STORED DATA below:

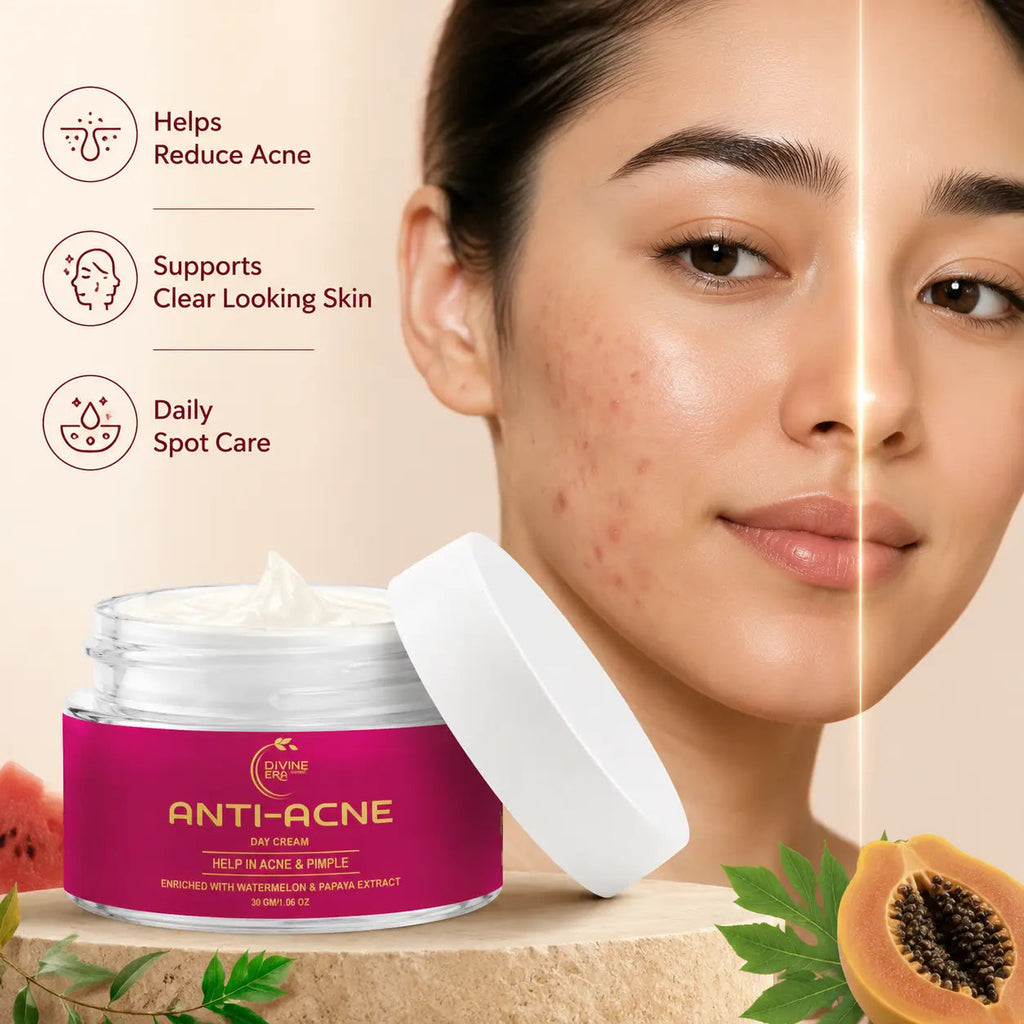 Anti Acne Cream 30gm | Pimple Control & Acne Spot Reduction Cream Divine Era Herbal
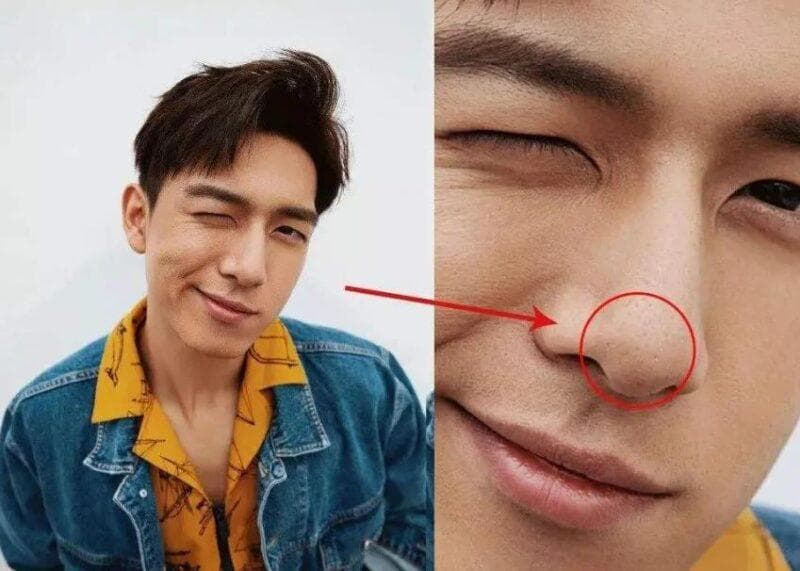 鼻子毛孔粗大有洞红红的鼻头黑头草莓鼻怎么去除？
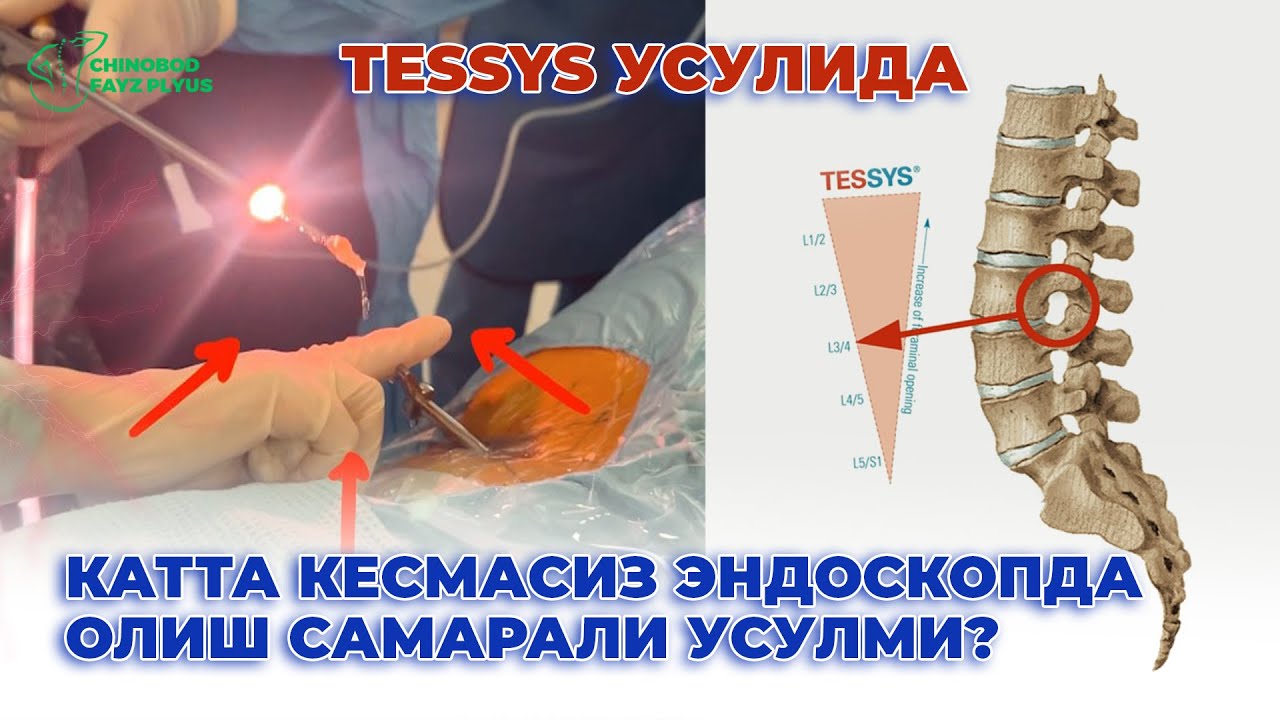 Бел грижадан 1 кунда халос бўлиш ҳақиқатми? 95- 070 -22- 94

End of STORED DATA.

* [WHAT YOU WILL DO] Pictures stay out; retype only the lines from the line containing "鼻子毛孔粗大有洞红红的鼻头黑头草莓鼻怎么去除？" through the end of the listing, inclusive, exactly as they appear.

* [EXERCISE RESULT]
 鼻子毛孔粗大有洞红红的鼻头黑头草莓鼻怎么去除？
 Бел грижадан 1 кунда халос бўлиш ҳақиқатми? 95- 070 -22- 94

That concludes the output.